# Holy Terribilis clutch!!!!



## reggorf (Oct 24, 2006)

33 eggs and all but one have started to develop.


----------



## RedEyeTroyFrog (Jan 25, 2008)

thats awesome!!!! if u get a female out of there i may be very interested!!


----------



## Anoleo2 (Feb 1, 2006)

Wow! Never seen one that large!

From just one female?


----------



## Neona (Mar 16, 2009)

Woa! That's a lot of eggs, do post many pictures as they continue to grow. 

Good luck!!


----------



## reggorf (Oct 24, 2006)

just one female. she just laid another clutch today, about 6 days later.


----------



## gary1218 (Dec 31, 2005)

NICE!!!!!!

What kind of SUPER FFs are you feeding that terrib pair


----------



## divingne1 (Mar 21, 2008)

WOW..how old are you pair?


----------



## cobaltsinoh (Mar 13, 2006)

It's a super top secret squirrel secret Gary. The clutch she just laid earlier today has 23 eggs in it. 50 eggs in a matter of 6 days. 

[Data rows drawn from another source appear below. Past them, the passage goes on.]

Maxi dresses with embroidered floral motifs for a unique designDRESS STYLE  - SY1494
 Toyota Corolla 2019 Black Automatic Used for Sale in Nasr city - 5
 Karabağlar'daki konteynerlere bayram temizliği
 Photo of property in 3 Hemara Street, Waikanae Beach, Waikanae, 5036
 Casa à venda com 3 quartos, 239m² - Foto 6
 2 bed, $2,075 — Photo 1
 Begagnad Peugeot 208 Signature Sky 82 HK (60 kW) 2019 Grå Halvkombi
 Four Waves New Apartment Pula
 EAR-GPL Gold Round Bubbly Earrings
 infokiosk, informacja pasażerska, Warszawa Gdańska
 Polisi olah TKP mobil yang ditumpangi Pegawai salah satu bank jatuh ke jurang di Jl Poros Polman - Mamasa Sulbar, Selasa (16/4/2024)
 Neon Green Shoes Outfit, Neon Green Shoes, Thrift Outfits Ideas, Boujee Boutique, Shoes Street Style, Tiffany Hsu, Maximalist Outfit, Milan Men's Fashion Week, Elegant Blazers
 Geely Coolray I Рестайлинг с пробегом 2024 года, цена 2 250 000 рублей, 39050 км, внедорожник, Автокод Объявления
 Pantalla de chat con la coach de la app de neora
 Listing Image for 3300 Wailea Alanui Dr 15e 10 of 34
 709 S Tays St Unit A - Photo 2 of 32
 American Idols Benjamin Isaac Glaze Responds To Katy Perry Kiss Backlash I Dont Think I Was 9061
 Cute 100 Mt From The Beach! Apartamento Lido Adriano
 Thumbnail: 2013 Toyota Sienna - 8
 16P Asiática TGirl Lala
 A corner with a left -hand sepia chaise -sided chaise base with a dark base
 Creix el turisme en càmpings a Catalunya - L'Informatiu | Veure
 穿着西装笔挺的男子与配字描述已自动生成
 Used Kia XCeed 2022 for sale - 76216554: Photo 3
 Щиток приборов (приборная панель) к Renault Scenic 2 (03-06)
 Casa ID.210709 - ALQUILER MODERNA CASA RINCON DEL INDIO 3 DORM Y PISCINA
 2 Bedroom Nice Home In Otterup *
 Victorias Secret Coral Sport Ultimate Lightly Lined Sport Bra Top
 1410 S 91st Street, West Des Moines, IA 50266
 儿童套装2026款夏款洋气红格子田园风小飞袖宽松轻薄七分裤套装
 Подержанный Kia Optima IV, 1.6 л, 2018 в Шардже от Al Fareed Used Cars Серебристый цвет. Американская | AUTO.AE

Candy, the 2.1 trio is approximately 2yrs and 3 months old. Give or take a few weeks. 

Tony


----------



## Alpha Pro Breeders (Oct 13, 2008)

Your going to have to expand your room soon!


----------



## Julio (Oct 8, 2007)

sweet clucth, best of luck!!


----------



## SLEDDER23 (Mar 17, 2005)

Orange? dibbs?


----------



## RedEyeTroyFrog (Jan 25, 2008)

does anyone know if its more stress on the terribilis breeding than something say like a tinc, or pumilio?? 
i guess i should also ask do terribilis breed like this year round? or is it more periodical??

im asking because i know that tincs can breed all year round and sometimes need a break so they dont get all stressed out. and most tincs lay just a fraction of what these terribs have done


----------



## cobaltsinoh (Mar 13, 2006)

Troy, in our experience the terribilis induce their own break. Over the colder winter months they took about a 2.5 month break on their own. They slowed down and were only producing a clutch or two a month for a few months, now they are back to laying every 5-14 days. They are well fed and as far as breeding taking a toll, I did notice one of the males slims down a little during heavy breeding but the female always seems fat and frumpy. And yes, they are orange, shoot me a pm with interests, we've got them coming out of the water in a month so should have some more ready in two or three months. 

Tony


----------



## RedEyeTroyFrog (Jan 25, 2008)

cool thanks tony


----------



## MD_Frogger (Sep 9, 2008)

Holy moly!!! What are you going to do with all them frogs? You are going to be knee deep in terribilis soon.


----------



## CHuempfner (Apr 27, 2008)

SLEDDER23 said:


> Orange? dibbs?



I second this... Are these Orange, Mint, or Yellow???

That is insane!!!! I hope I have 1 female out of my bunch!!! *Fingers are Crossed*

Congrats!


----------



## reggorf (Oct 24, 2006)

They are orange.


----------



## chesney (Jan 18, 2007)

Wow, congrats!


----------



## reggorf (Oct 24, 2006)

So just an update. I put the big clutch in the water today. It was 30 tads. The second clutch has 5 tads that htached today. I would imagine the rest will be out tomorrow or the next day. I got another clutch of 23 eggs a week after the second one. I am trying the tads in a much bigger container this time. I put all 30 in one of those long sterlites that can slide under your bed. I am going to see if more of them survive being ina larger container and if they morph out larger. I will update again soon.


----------